Wie läuft die Abstimmung ab?
Im Bundestag wird über das „Zustrombegrenzungsgesetz“ namentlich abgestimmt. Bei diesem Verfahren wirft jeder Abgeordnete seine Stimmkarte ein. Am Ende wird veröffentlicht, wie jeder Einzelne abgestimmt hat. Notwendig ist eine einfache Mehrheit, also mehr Ja- als Nein-Stimmen. Die Union hat zusammen mit AfD, BSW und FDP eine Mehrheit im Bundestag.
Wie geht es weiter, falls der Bundestag zustimmt?
Dem Gesetzentwurf müsste auch der Bundesrat zustimmen. Da bislang keine Bemühungen zu erkennen sind, die Länderkammer um Fristverkürzung zu bitten, würde der Bundesrat erst im März – also nach der für den 23. Februar geplanten Bundestagswahl – entscheiden. Ob es für das Vorhaben im Bundesrat eine Mehrheit geben wird, ist allerdings fraglich.

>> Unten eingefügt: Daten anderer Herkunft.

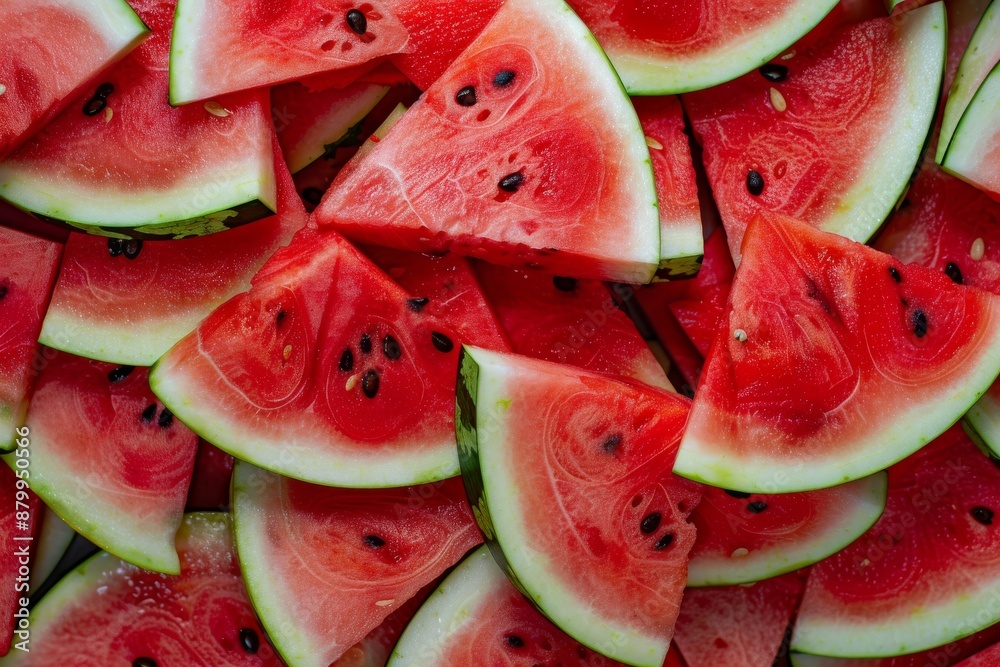A close-up of a sliced melon on a pink surface surrounded by other melons and cut pieces. Beautiful simple AI generated image in 4K, unique. A close-up of a sliced melon on a pink surface surrounded by other melons and cut pieces. Beautiful simple AI generated image in 4K, unique.
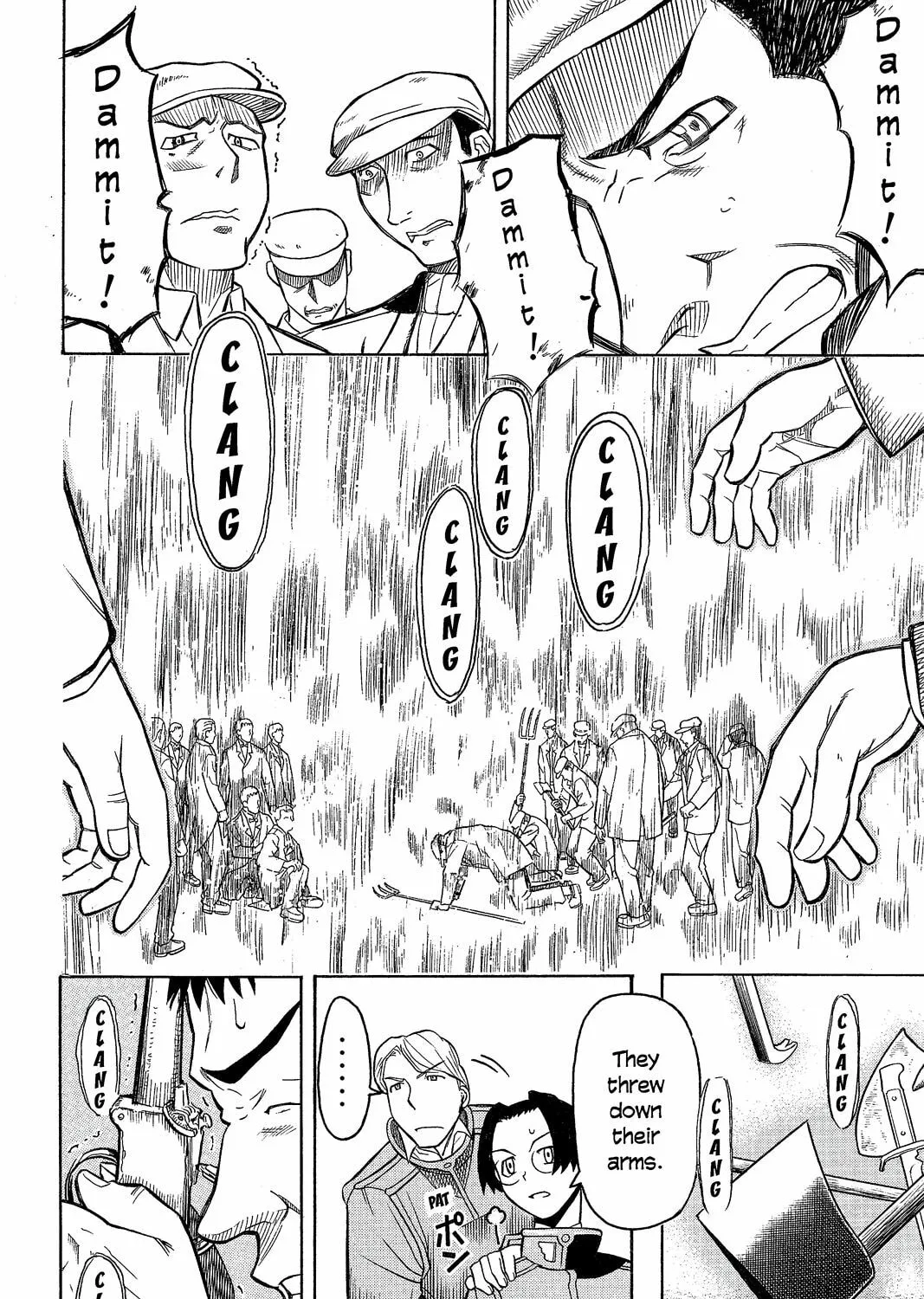 Read Pumpkin Scissors chapter 14 image 144 on Lezhin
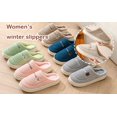 thumbnail image 6 of CHUMUD Women's Cotton Slippers - Cozy Fleece Lined with Non-Slip Sole, Warm Indoor House Shoes, 6 of 9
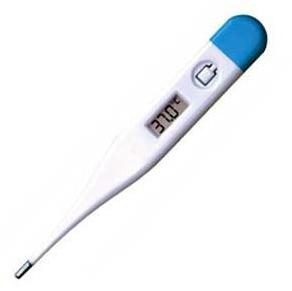 Ozocheck digital thermometer, Color : White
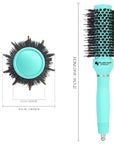Brosse à cheveux ronde en céramique/ionique 1,3 pouce / 32 mm - Menthe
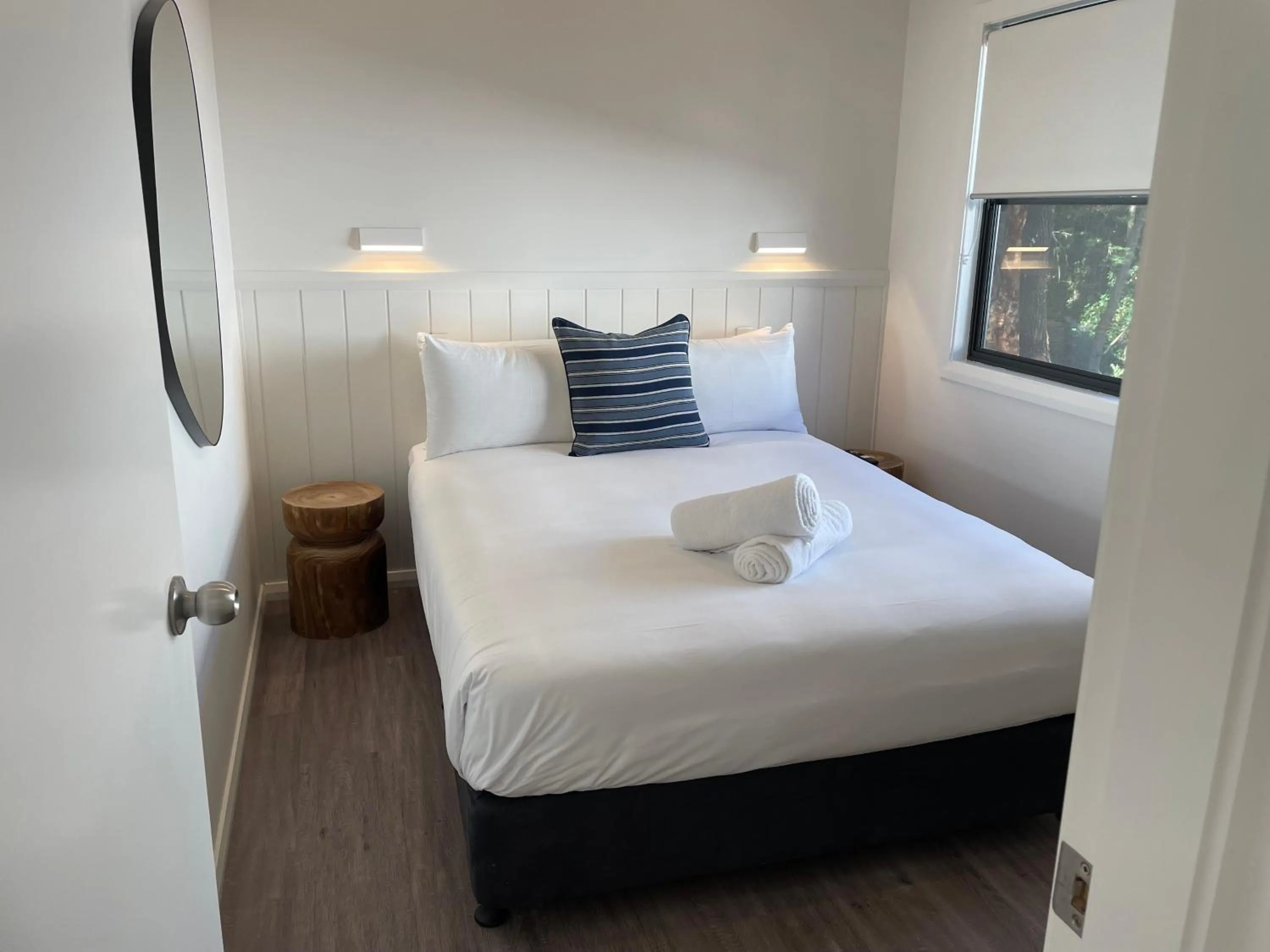 Bed in BIG4 Tweed Billabong Holiday Park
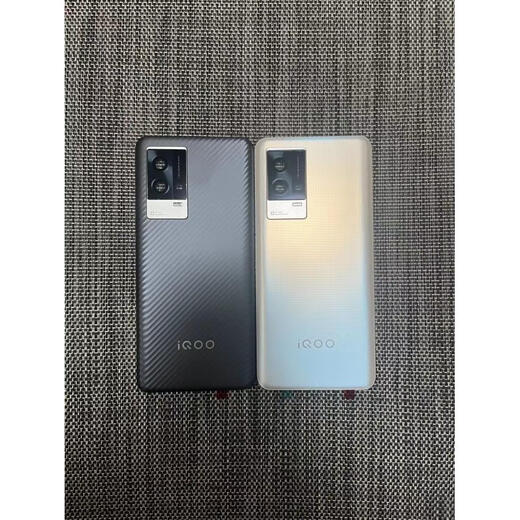 Suitable for iqoo8 original back cover frosted glass original factory pure original back shell IQ8 rear screen iqoo8pro back cover legend iQOO8 original back cover legend with frame lens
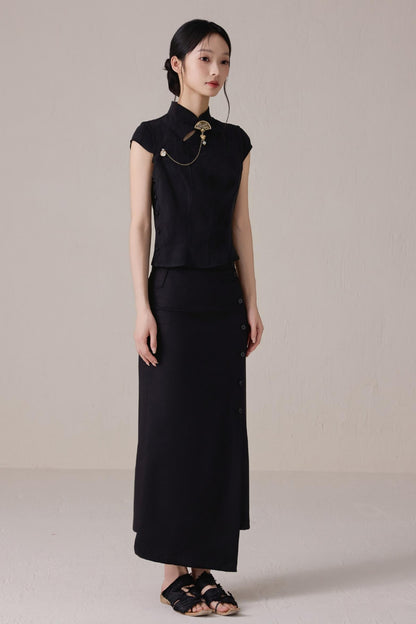 Summer Chic Chinese Style Blouse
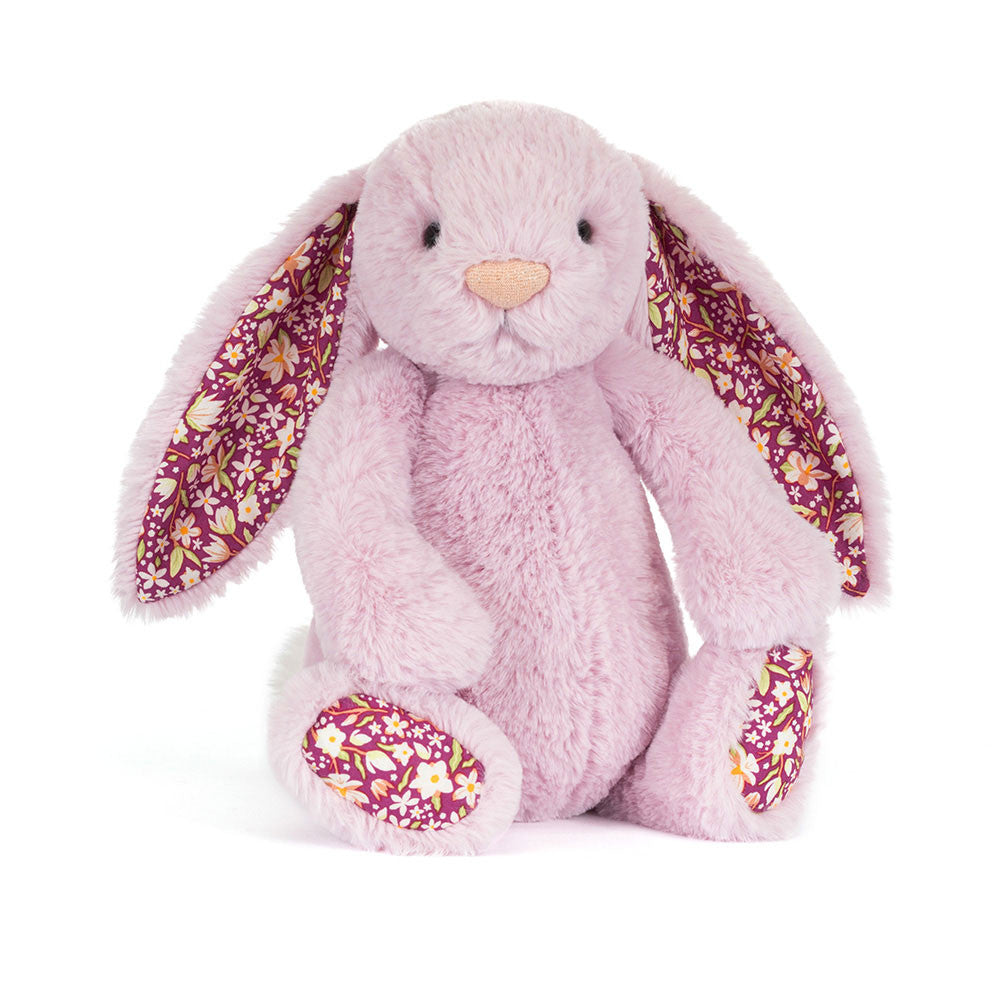 Jellycat Thistlepop Blossom Luxe Bunny peluche coniglietto floreale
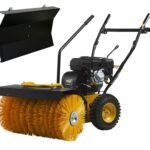 TEXAS Handy Sweep 650TGE 2-in-1 Kehrmaschine mit Schneeschild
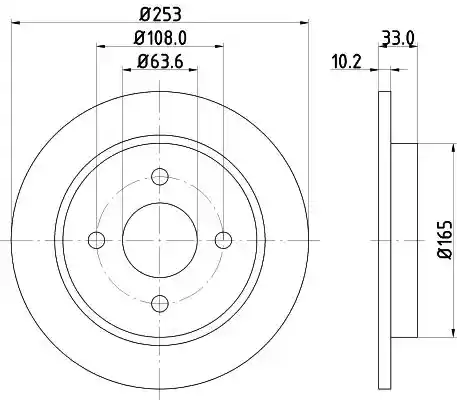 HELLA 8DD 355 105-661 HELLA 8DD 355 105-661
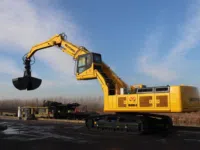 Гусеничный перегружатель Maxpower MH600.9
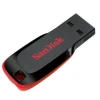 64 GB SANDISK CRUZER GLIDE BLADE BLACK USB BELLEK 2.0 SDCZ50-064G-B35
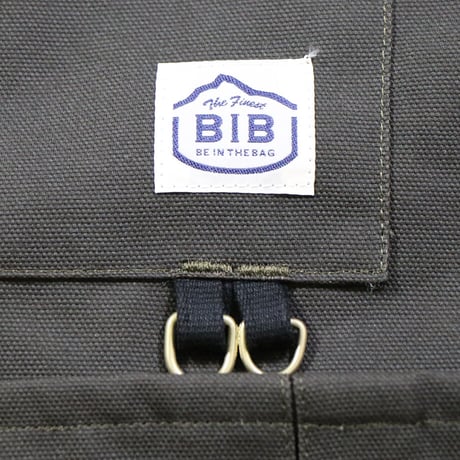 BIB（ビブ）"GUNSHI-NY / 軍師-コットン(チャコール)"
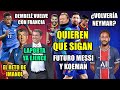 MESSI Y KOEMAN: QUIEREN QUE SIGAN | NEYMAR, ¿DE VUELTA? | LAPORTA YA EJERCE | DEMBELÉ VA CON FRANCIA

- Sollte das Gesetz von Bundestag und Bundesrat beschlossen werden, will die SPD möglicherweise vor das Bundesverfassungsgericht ziehen. Die von der Union angestrebten Verschärfungen der Migrationsregeln müssten in Teilen „absolut verfassungsrechtlich geprüft werden“, betont SPD-Generalsekretär Matthias Miersch. „Insofern halten wir uns diesen Weg auf alle Fälle offen.“
Was sagen die Parteien vor der Abstimmung?
- Bundeskanzler Olaf Scholz (SPD) wirft seinem Kontrahenten Friedrich Merz vor, man könne ihm bei der Frage einer möglichen Zusammenarbeit mit der AfD nicht mehr trauen. Merz habe mit Blick auf den Unionsgesetzentwurf gesagt, ihm sei egal, wer zustimme. „Das ist eine Politik, die nicht auf Konsens und Kooperation ausgerichtet ist, sondern die genau das will, nämlich die Zustimmung der AfD“, mahnt Scholz.
- Friedrich Merz appelliert erneut an die SPD. „Ich gebe bis zum Schluss die Hoffnung nicht auf, dass die Sozialdemokraten die Kraft finden, dem Vorschlag von uns zuzustimmen“, sagte er bei einem Wahlkampfauftritt in Dresden.
- Der SPD-Innenpolitiker Dirk Wiese erteilt Merz eine klare Absage. Die Union habe ernsthafte und konstruktive Gespräche zur inneren Sicherheit und zu Migrationsfragen immer wieder abgelehnt. „Jetzt uns kurzerhand diesen unausgegorenen Gesetzentwurf präsentieren in Friss-oder-stirb-Manier? Da gehen wir ganz sicher nicht mit.“
- Grünen-Fraktionschefin Katharina Dröge warnt die Union eindringlich davor, erneut mit der AfD abzustimmen. „Mittwoch war der Tabubruch. Freitag wäre die Wiederholungstat.“
CDU-Generalsekretär Carsten Linnemann verteidigt das Vorgehen der Union. „Wir stimmen nicht gemeinsam mit AfD. Mir ist völlig egal, was sie machen.“ Wenn man aus Angst, „dass irgendjemand zustimmen könnte“, nicht nach seiner Überzeugung handele, so Linnemann weiter, „dann ist das kein Parlament mehr, kein demokratisches Parlament“.